Monday, Oct. 12, 1931
The Hoover Week
President Hoover is much given to reading about himself in the newspapers. A published personal anecdote about himself is often as irksome to him as the well-directed digs of his Democratic opponents. If he had picked up the New York Herald Tribune last week and turned to the first page, second section, it is possible that the small Hoover mouth would have fallen. Trenchant Liberal Walter Lipmann had read Citizen Coolidge's cool renunciation of presidential aspirations in the Satevepost (TIME, Oct. 5), had detected therein no accolade for President Hoover but a singular difference in character between Citizen and President. Excerpts:
"[Mr. Coolidge] appears, there, as a man who has thought out and arrived at a clear, a well ordered, rather narrow, if you like, but entirely consistent set of convictions about the functions of the President. ... It turns out that what his [President Hoover's] critics complain about is that Mr. Hoover is indecisive and hesitant about dealing with political issues and extraordinarily fertile, impulsive and energetic in trying to influence matters that lie outside the duties of his realms and his powers.

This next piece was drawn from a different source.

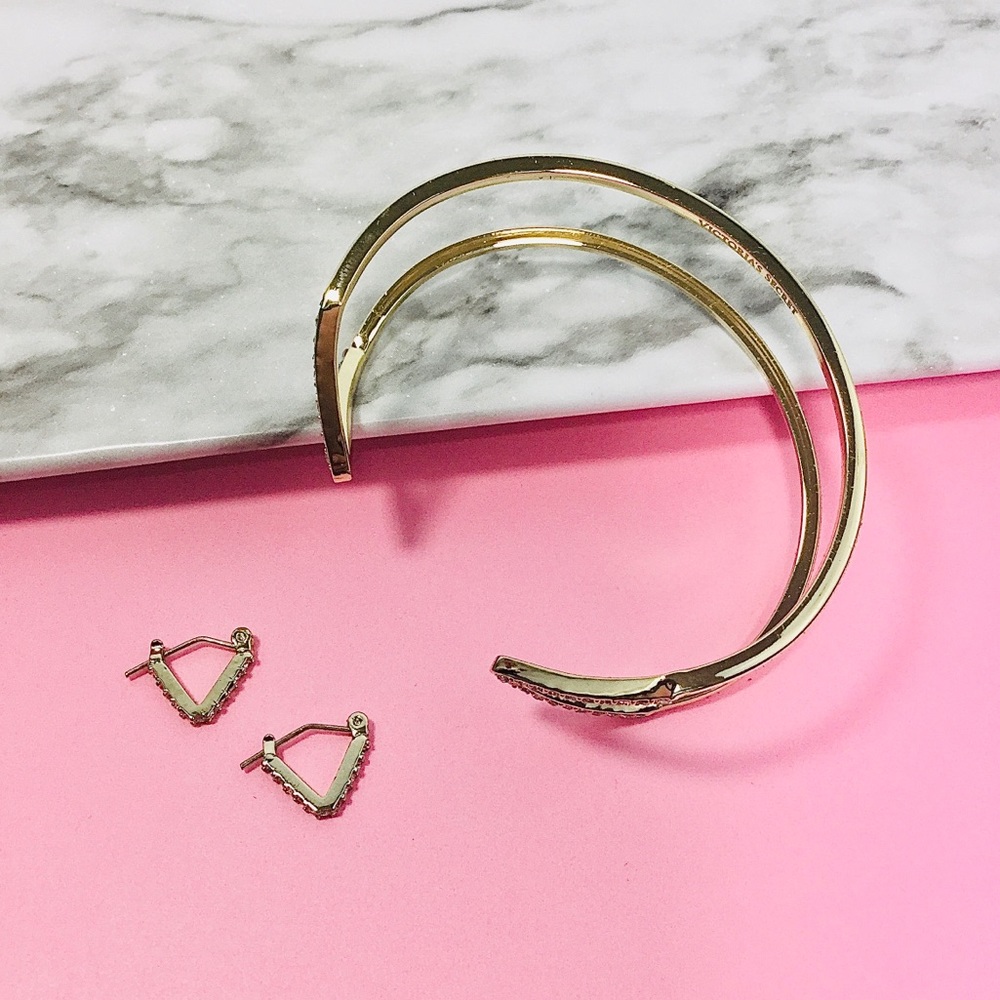 VS Limited Edition V Bracelet and Earring Box Set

"Thus in meeting this depression he has in respect to those elements which are governmental and require his leadership--like tariffs, debts, reparations, political stabilization--been extremely disinclined to act and greatly bewildered by political opposition and public criticism. He does not seem to know how the political functions of the President are exercised effectively, and to be rather dismayed at not knowing. On the other hand, he has had the utmost confidence and boldness in attempting to guide and oversee the industrial life of the country, initiating major policies as to wages, purchases of raw materials, capital investment and what not. Scarcely a week passes but some new story comes out of Washington as to how Mr. Hoover has had somebody on the telephone and is attempting to fix this situation or that." P: A secretary was instructed to bring in little slips of paper and put them on President Hoover's desk last week. Curious visitors saw that they were inning-by-inning returns from the World Series baseball games in St. Louis. For the third game the President trained to Philadelphia, threw in the first ball (and got it back as a souvenir), watched the St. Louis Cardinals (National League) whip the Philadelphia Athletics (American League). Not till the game was over did he learn of the sudden death of Senator Dwight Whitney Morrow (see below), though thousands of radio listeners heard Graham McNamee interrupt his play by play description of the game to flash the news. Leaving Shibe Park, a bulletin was handed to President Hoover. Secretary Theodore Joslin spoke for him: "The President is greatly shocked. . . . He will enlarge on that statement when he returns to Washington." P: Prior to leaving for his Rapidan camp last weekend, President Hoover breakfasted with Bernard Mannes Baruch, wisest of Democrats, famed director of the War Finance Corp., breakfasted and talked so long about world financial affairs that the President was two hours late getting to his office, thereby missing Secretary Mellon who had called. The late Senator Morrow in Washington to discuss details of Premier Laval's visit, called before Secretary Mellon got back. Among the Rapidan guests were: Board Chairman Julius Barnes of the U. S. Chamber of Commerce; Chairman W. Kingsland Macy of New York State's Republican Committee; Charles J. Hatburf, Philadelphia lawyer; Mark Requa, California oilman; Mark Sullivan, the President's favorite correspondent.